But don't worry! The company's CEO Sam Altman has had a consistent message for a worried public: our famously functional lawmakers and heads of state will step in and save the world from the tech he's building.
"I think if this technology goes wrong, it can go quite wrong," Altman told Congress last month. "And we want to be vocal about that. We want to work with the government to prevent that from happening."
Soon he embarked on a world tour, where that conciliatory tone was briefly interrupted when the threat of too much regulation caused Altman to threaten to leave Europe entirely.
He later backtracked, though, and now the mercurial CEO is back to his greatest hits: telling world leaders that they're our best hope of keeping his company's tech from — ahem — causing exactly the sort of grim AI apocalypse he's said to be personally quite concerned about.

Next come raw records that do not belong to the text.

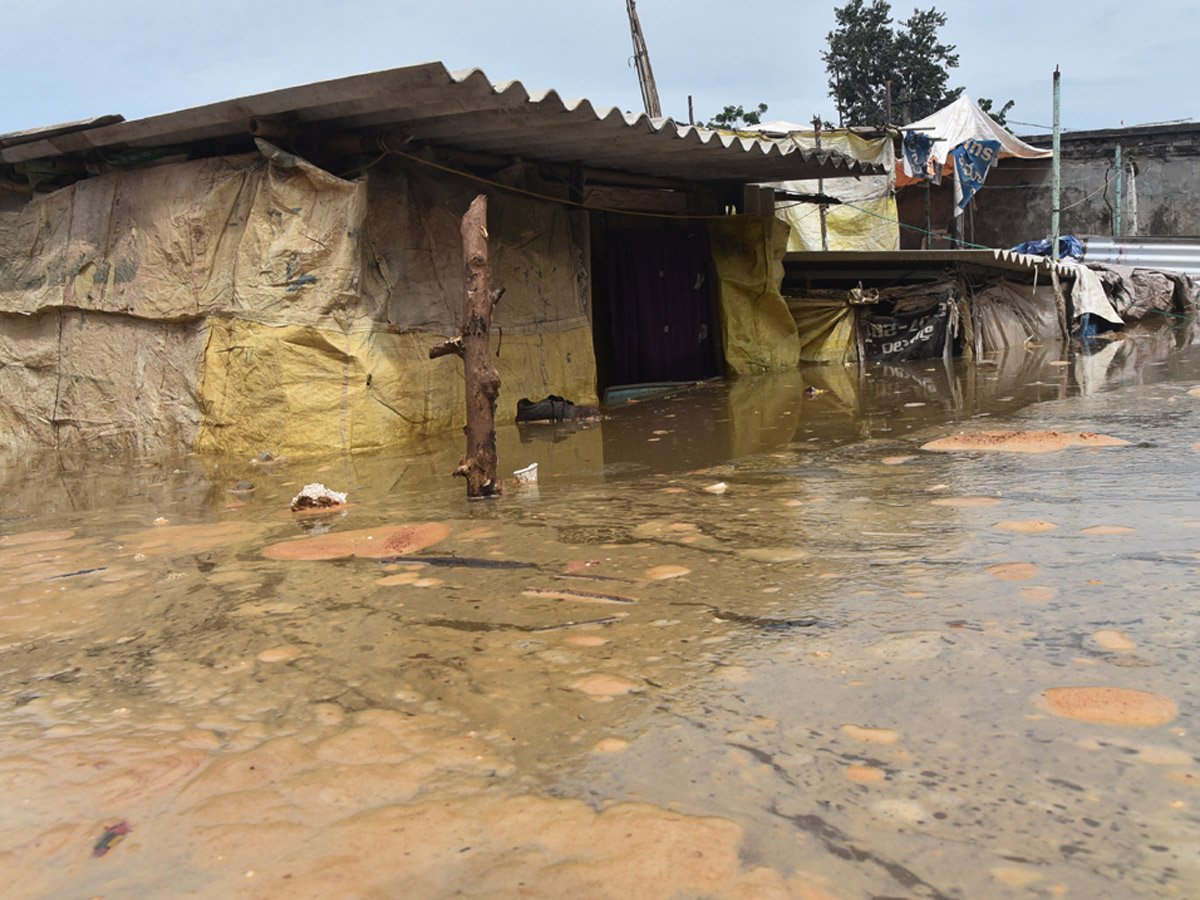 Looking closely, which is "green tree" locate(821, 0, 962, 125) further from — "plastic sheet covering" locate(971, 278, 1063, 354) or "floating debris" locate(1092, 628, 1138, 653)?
"floating debris" locate(1092, 628, 1138, 653)

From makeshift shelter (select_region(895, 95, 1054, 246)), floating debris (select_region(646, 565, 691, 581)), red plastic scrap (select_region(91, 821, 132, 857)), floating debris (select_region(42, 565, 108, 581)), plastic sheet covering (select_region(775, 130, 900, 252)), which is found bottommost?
red plastic scrap (select_region(91, 821, 132, 857))

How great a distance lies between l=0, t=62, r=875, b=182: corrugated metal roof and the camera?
17.5ft

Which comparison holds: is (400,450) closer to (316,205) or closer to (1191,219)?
(316,205)

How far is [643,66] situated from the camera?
1469 cm

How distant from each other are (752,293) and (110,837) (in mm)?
9737

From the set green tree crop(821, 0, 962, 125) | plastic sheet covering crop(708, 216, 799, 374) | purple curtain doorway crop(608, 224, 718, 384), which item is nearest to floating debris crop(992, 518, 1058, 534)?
purple curtain doorway crop(608, 224, 718, 384)

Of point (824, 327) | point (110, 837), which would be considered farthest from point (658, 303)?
point (110, 837)

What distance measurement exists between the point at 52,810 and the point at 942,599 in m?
1.86

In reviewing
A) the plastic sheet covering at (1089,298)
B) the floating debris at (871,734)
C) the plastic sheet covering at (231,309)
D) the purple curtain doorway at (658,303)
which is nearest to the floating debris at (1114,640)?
the floating debris at (871,734)

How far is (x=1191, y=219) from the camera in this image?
18.8 meters

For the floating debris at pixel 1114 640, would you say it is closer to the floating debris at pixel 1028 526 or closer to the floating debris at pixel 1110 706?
the floating debris at pixel 1110 706

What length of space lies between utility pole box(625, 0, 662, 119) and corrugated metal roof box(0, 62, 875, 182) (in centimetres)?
697

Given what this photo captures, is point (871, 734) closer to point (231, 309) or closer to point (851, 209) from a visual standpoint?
point (231, 309)

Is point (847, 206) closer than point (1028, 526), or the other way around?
point (1028, 526) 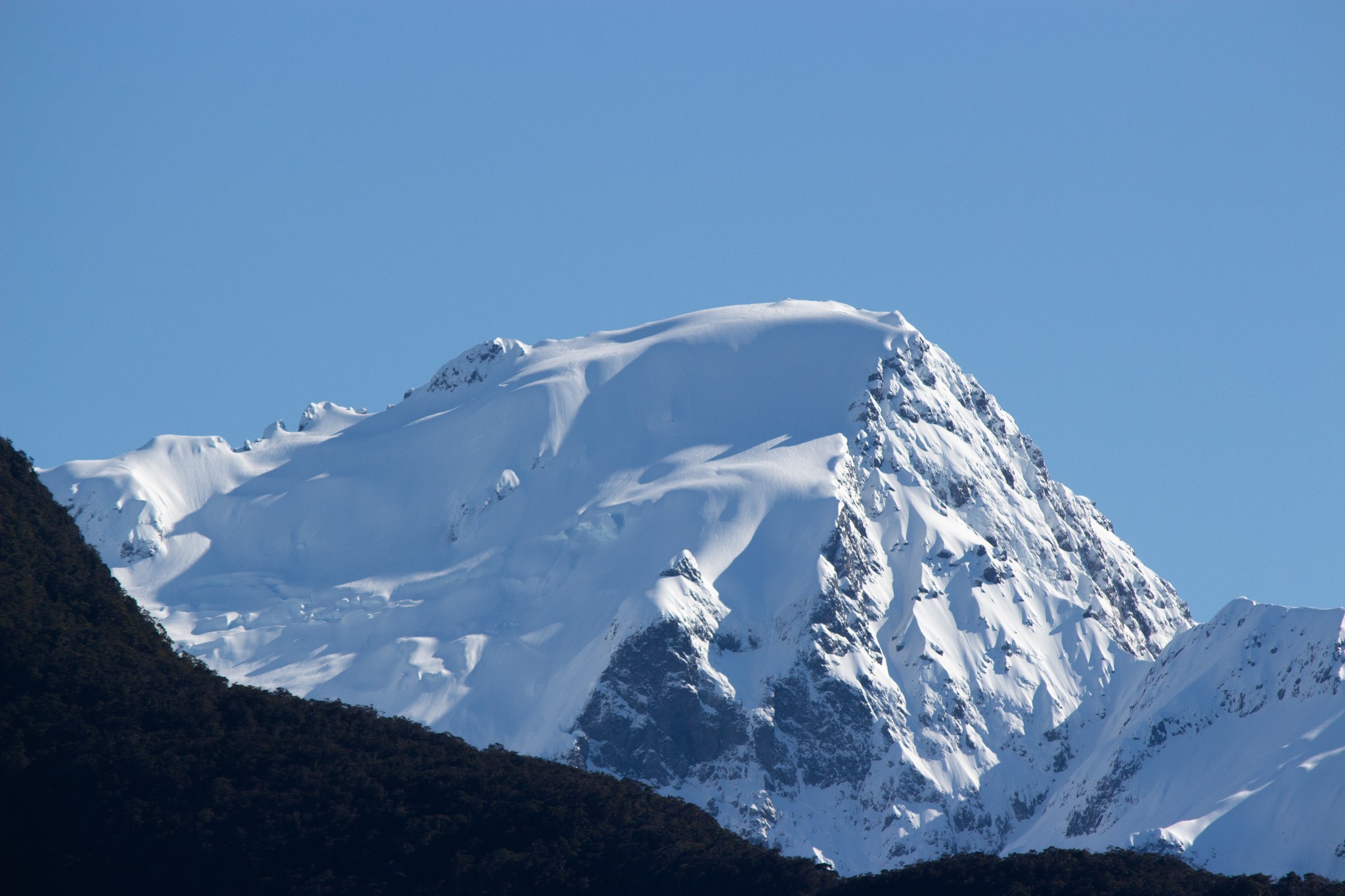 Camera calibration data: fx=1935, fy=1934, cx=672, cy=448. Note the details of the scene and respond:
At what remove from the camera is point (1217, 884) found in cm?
11044

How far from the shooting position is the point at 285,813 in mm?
118688

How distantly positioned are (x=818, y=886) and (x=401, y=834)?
2569 centimetres

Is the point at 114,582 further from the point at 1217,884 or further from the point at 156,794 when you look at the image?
the point at 1217,884

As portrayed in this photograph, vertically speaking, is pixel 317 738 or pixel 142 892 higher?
pixel 317 738

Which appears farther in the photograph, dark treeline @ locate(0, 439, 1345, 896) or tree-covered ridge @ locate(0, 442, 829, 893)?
tree-covered ridge @ locate(0, 442, 829, 893)

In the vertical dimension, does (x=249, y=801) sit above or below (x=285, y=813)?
above

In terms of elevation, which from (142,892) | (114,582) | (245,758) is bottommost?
(142,892)

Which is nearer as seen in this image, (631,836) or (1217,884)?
(1217,884)

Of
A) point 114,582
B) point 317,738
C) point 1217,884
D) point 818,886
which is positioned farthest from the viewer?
point 114,582

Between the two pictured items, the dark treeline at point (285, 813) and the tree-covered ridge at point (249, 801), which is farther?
the tree-covered ridge at point (249, 801)

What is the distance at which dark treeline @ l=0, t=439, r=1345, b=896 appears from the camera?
113375 mm

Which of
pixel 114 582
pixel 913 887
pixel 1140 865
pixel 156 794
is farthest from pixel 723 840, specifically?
pixel 114 582

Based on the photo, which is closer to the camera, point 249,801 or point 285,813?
point 249,801

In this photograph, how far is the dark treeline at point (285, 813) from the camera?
11338 cm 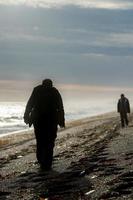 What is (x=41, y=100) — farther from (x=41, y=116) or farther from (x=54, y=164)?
(x=54, y=164)

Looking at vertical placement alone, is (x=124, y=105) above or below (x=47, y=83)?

Whether that concern is legitimate or an ingenious form of marketing remains somewhat hazy. After all, the idea that a new piece of tech is so powerful that it could threaten the entire world is, on a certain level, kind of a humblebrag. Even if it's true, it's catnip to investors.
What's clear, though, is Altman's messaging remains consistent: he's very hopeful, he's telling world leaders again and again, that they'll successfully regulate his dangerous new tech.
"I have been very heartened as I have been doing this trip around the world, getting to meet world leaders," Altman told Israel's ceremonial president Isaac Herzog today, "in seeing the thoughtfulness, the focus, and the urgency on figuring out how we mitigate these very huge risks."
In the meeting, Herzog — not to be confused with prime minister Benjamin Netanyahu, the actual leader of the country — perfectly illustrated the bind of other world leaders: they're alarmed by the destabilizing power of AI, but also desperately want any economic benefits it has to offer.
"Clearly, Israel is a powerhouse in terms of technology and innovation, and a leading force in the development of artificial intelligence especially," Herzog bragged. But he also warned that "there are also many risks to humanity and to the independence of human beings in the future. We must make sure that this development is used for the well-being of humanity. You can see the advantages and disadvantages, and you are the first to mention it openly and boldly."
This isn't exactly true, of course. Lots and lots of prominent people have been boldly and openly criticizing the risks posed by AI for more than half a century, and alongside advancements in the tech, warnings about its dangers from those inside and outside the AI industry have reached a fever pitch.
Altman should, to be clear, be conscientious about the risks posed by the technology he's actively bringing into existence, but giving him undue credit for speaking out about those risks is kind of like lauding J. Robert Oppenheimer for his post-Manhattan Project pacifism without taking into account that he was, you know, the "destroyer of worlds."
AI is not, as Warren Buffett has suggested, yet to the world-ending level of the atom bomb — but it's feeling perfectly plausible that it might get there. So let's not give gold stars to the dude who's done more to mainstream AI than anyone else just because he knows his technology's power.